Note : en se documentant sur tout ce dont parle l’article, on peut notamment tomber sur une traduction plus « romancée » de la relation entre Yamauchi et Rogers, et moins proche du récit original (en moins élégant : des imprécisions et erreurs biaisent la compréhension). Si tu préfères avoir une version plus fidèle, documentée et polluée avec plein de n.d.t. (notes de traduction), tu es au bon endroit. On salue toutefois la réactivité de cette tentative du dimanche.
Hiroshi Yamauchi, ancien président visionnaire de Nintendo, est décédé le 19 septembre 2013 à l’âge de 85 ans. Discret, il est rarement apparu en public et n’a autorisé que peu d’entrevues. Une des rares personnes qui pouvaient affirmer avoir été proches de lui est Henk Rogers, un pionnier de l’industrie du jeu s’étant expatrié au Japon à la fin des années 70 et ayant créé Bullet-Proof Software, studio de développement et maison d’édition (note de traduction : on leur doit notamment Yoshi’s Cookie sur Super NES ; la boîte se nomme maintenant Blue Planet Software). Rogers, qui gère maintenant The Tetris Company, revient sur ce qui allait devenir une longue amitié avec Yamauchi.
Un jour, vers 1985, ma femme me montre un article d’un magazine japonais dans lequel il est écrit que le président de Nintendo, Hiroshi Yamauchi, est un joueur de Go (un jeu de société japonais). Coïncidence, il se trouve que quelqu’un m’avait envoyé un jeu de Go pour Commodore 64. Cette machine avait le même processeur que la Famicom (NES), un 6502 (n.d.t. : le 6502 de MOS technology, décliné par Ricoh pour la NES et décliné en 6510 par MOS Technology pour le Commodore 64 ; il a aussi été décliné pour l’Atari 2600 et la PC Engine).

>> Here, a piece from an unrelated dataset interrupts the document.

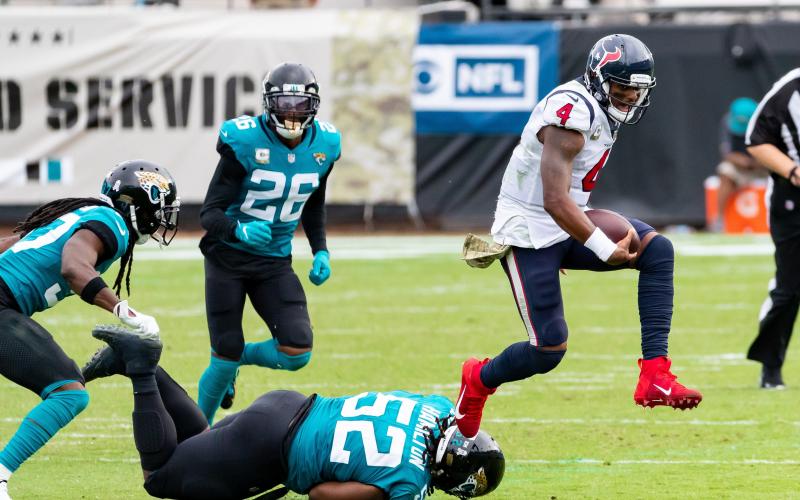 Houston Texans quarterback Deshaun Watson (4) leaps over Jacksonville Jaguars defensive tackle DaVon Hamilton (52) in the fourth quarter of Sunday's game in Jacksonville. (TRIBUNE NEWS SERVICE)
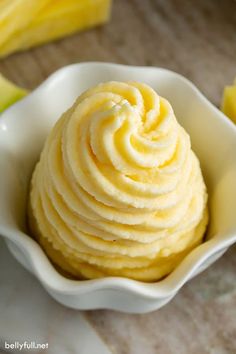 a close up of a bowl of food with bananas in the background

J’ai alors envoyé un fax à Monsieur Yamauchi le mardi pour lui dire que je pouvais créer un jeu de Go pour la Famicom et que je souhaitais le rencontrer avant de rentrer aux États-Unis le samedi.
Le mercredi, je recevais une réponse : M. Yamauchi voulait me rencontrer le lendemain. Nintendo avait refusé aux grandes boîtes qui faisaient du jeu sur PC, y compris Squaresoft, Enix et mon entreprise (Bullet-Proof Software), de faire des jeux pour Nintendo. Malgré cela, j’ai pu obtenir une audience avec l’homme en personne.

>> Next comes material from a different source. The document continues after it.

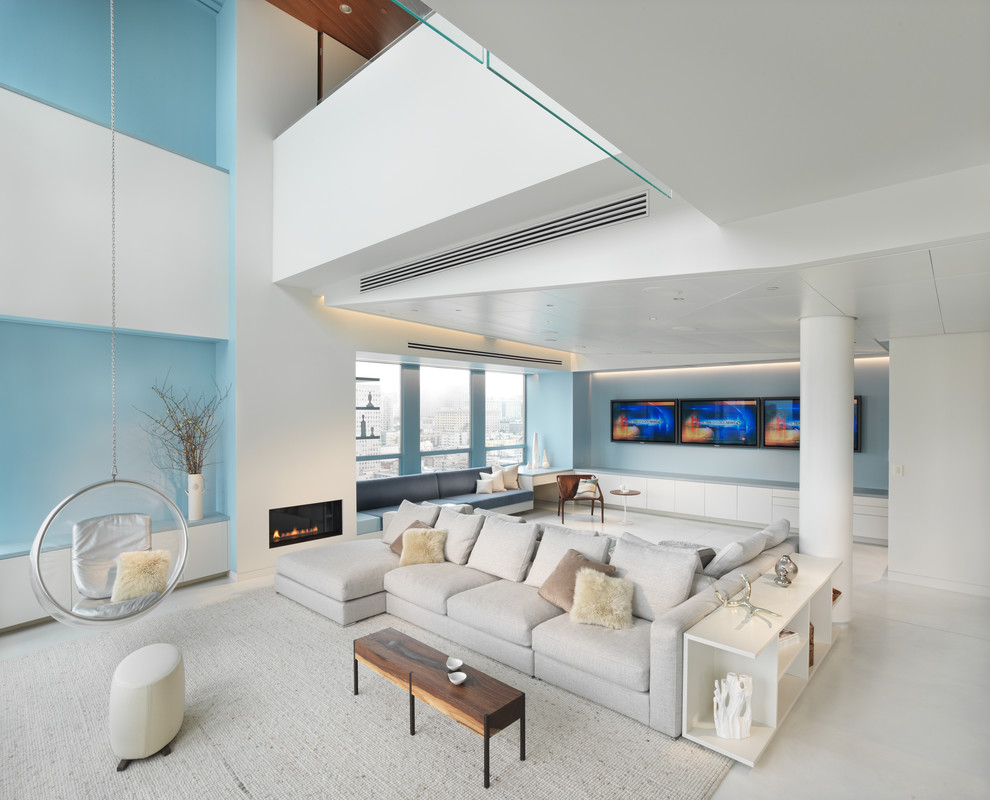 На фото: огромная открытая, парадная гостиная комната в современном стиле с синими стенами и горизонтальным камином без телевизора с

« Je ne peux pas vous donner de programmeurs », m’a dit Yamauchi.
« Je n’ai pas besoin de programmeurs », lui ai-je répondu. « J’ai besoin d’argent. »
« Combien ? »
J’ai annoncé « 30 000 000 ¥ » (n.d.t. : environ 120 000 $ ou 1 100 000 FF au taux de change de l’époque ou encore 300 000 € avec l’inflation française entre 1985 et 2013). C’est le plus gros montant auquel j’ai pu songer sur le vif. Il s’est penché sur la table, m’a serré la main et l’accord était conclu. C’était aussi rapide que cela. Monsieur Yamauchi ne tournait jamais autour du pot. Il prenait ses décisions rapidement, et ne revenait jamais sur ses choix.
Neuf mois plus tard, j’étais prêt. J’avais retrouvé en Angleterre le programmeur du Go sur Commodore 64 et je l’avais convaincu de venir au Japon pour travailler sur le projet. On a ajouté une interface attirante, avec de petits ninjas qui bougent sur les pierres du jeu de Go (n.d.t. : les pierres sont les pions du jeu de Go) pour amuser les clients de Nintendo.
Yamauchi a joué au jeu (n.d.t.: 囲碁 九路盤対局, ou Igo: Kyū Roban Taikyoku, 1987) un jour. Ou bien devrais-je dire « a indiqué à son subalterne, qui tenait la manette pour lui, les déplacements qu’il souhaitait effectuer ». Yamauchi n’avait jamais tenu une manette Nintendo en main avant.
Il a battu facilement le programme et dit que ce dernier n’était pas assez balaise pour Nintendo. Miraculeusement, ce jour-là allait changer son esprit. À la fin, j’ai demandé si je pouvais sortir le jeu. Il m’a répondu : « Et mon argent ? »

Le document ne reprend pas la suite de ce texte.